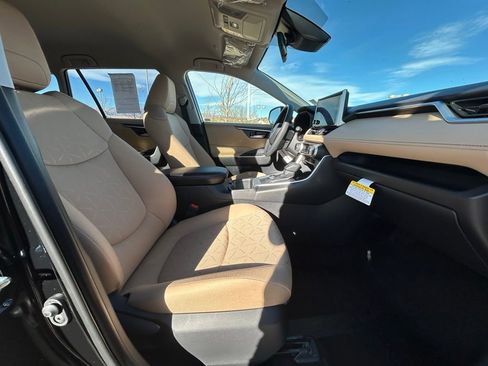 Used 2025 Toyota RAV4 XLE image 30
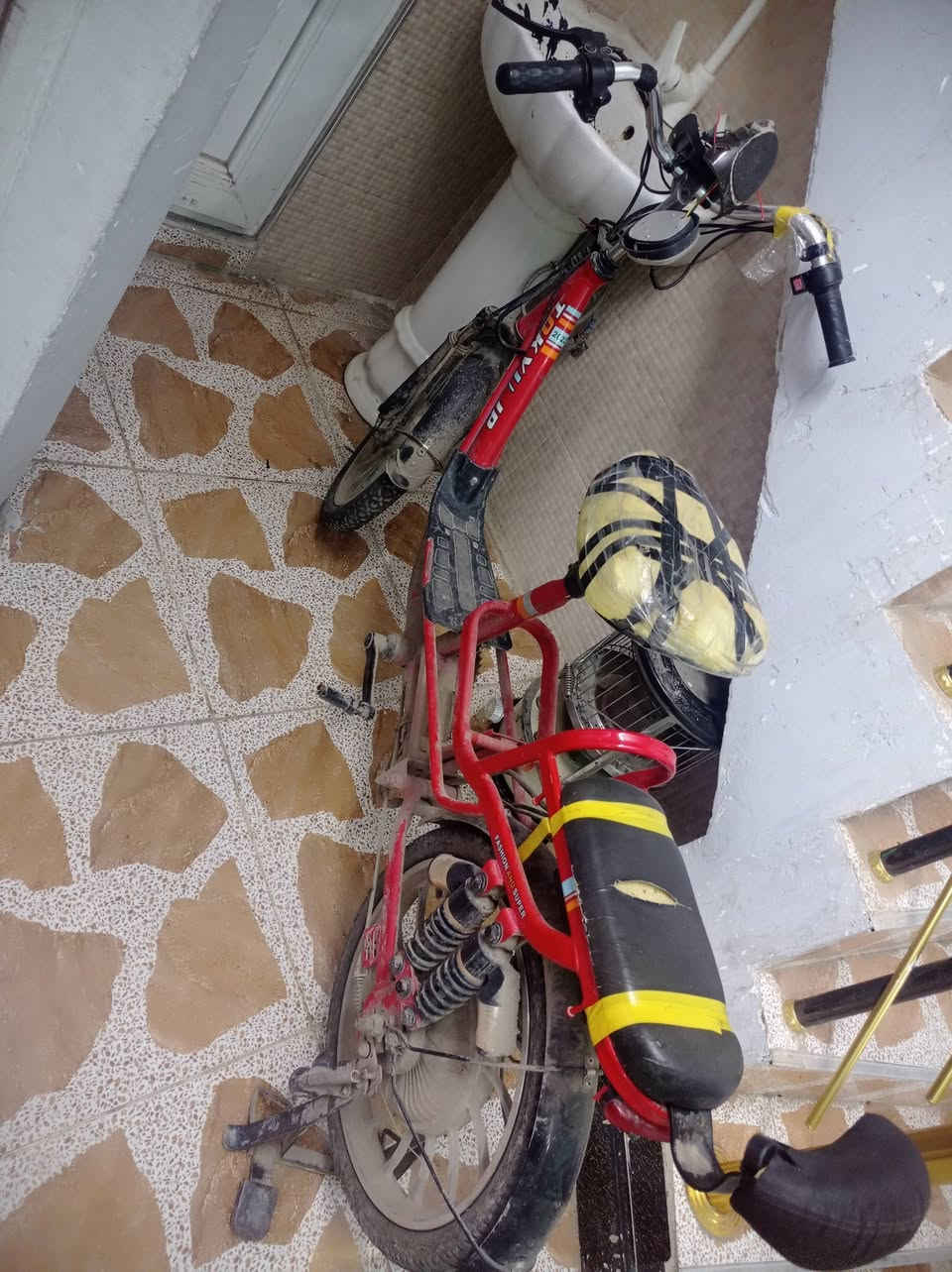 سلام عليكم بايسكل شحن للبيع ناقصه بس بطاريه و الجوزه مال المفتاح العقل شغال و الملف شغال كله شغال ابيع كوم حديد السعر 150 الف


**إذا كنت صاحب هذا الإعلان وتريد حذفه لأي سبب، رجاءا أرسل رسالة إلى الدعم الفني**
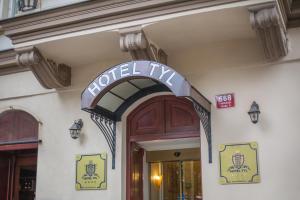 una señal de hotel en el lateral de un edificio en Hotel Tyl en Praga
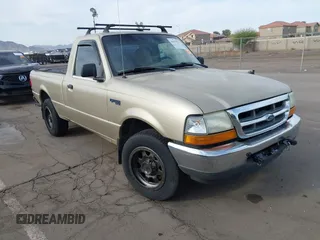 2000 Ford Ranger XL with VIN 1FTYR10CXYPA60122, listed as a IAAI auction lot 41879932 with 161,820 mi miles. Bid and sale history available at carsss.com. Image 1.
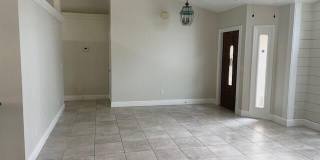 618 SE STREAMLET Avenue Gallery 16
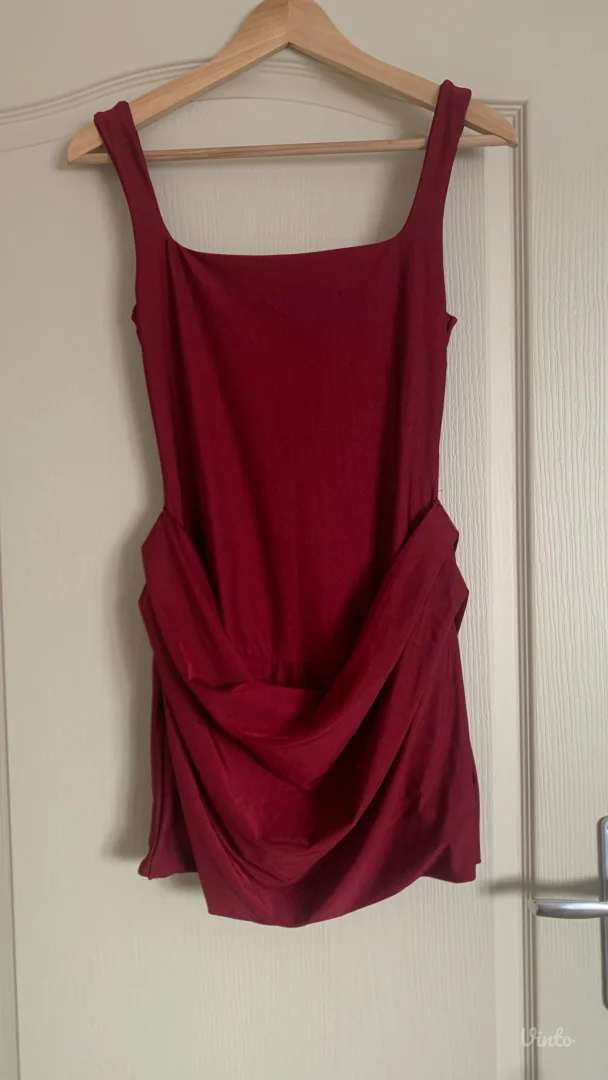 Bordo haljina za sve prilike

**THE PROBLEM:** From the line containing "una señal de" through the last line of the data above, write out every line word for word, and nothing else. Do not include the pictures.

**SOLVED EXERCISE:**
 una señal de hotel en el lateral de un edificio en Hotel Tyl en Praga
 2000 Ford Ranger XL with VIN 1FTYR10CXYPA60122, listed as a IAAI auction lot 41879932 with 161,820 mi miles. Bid and sale history available at carsss.com. Image 1.
 618 SE STREAMLET Avenue Gallery 16
 Bordo haljina za sve prilike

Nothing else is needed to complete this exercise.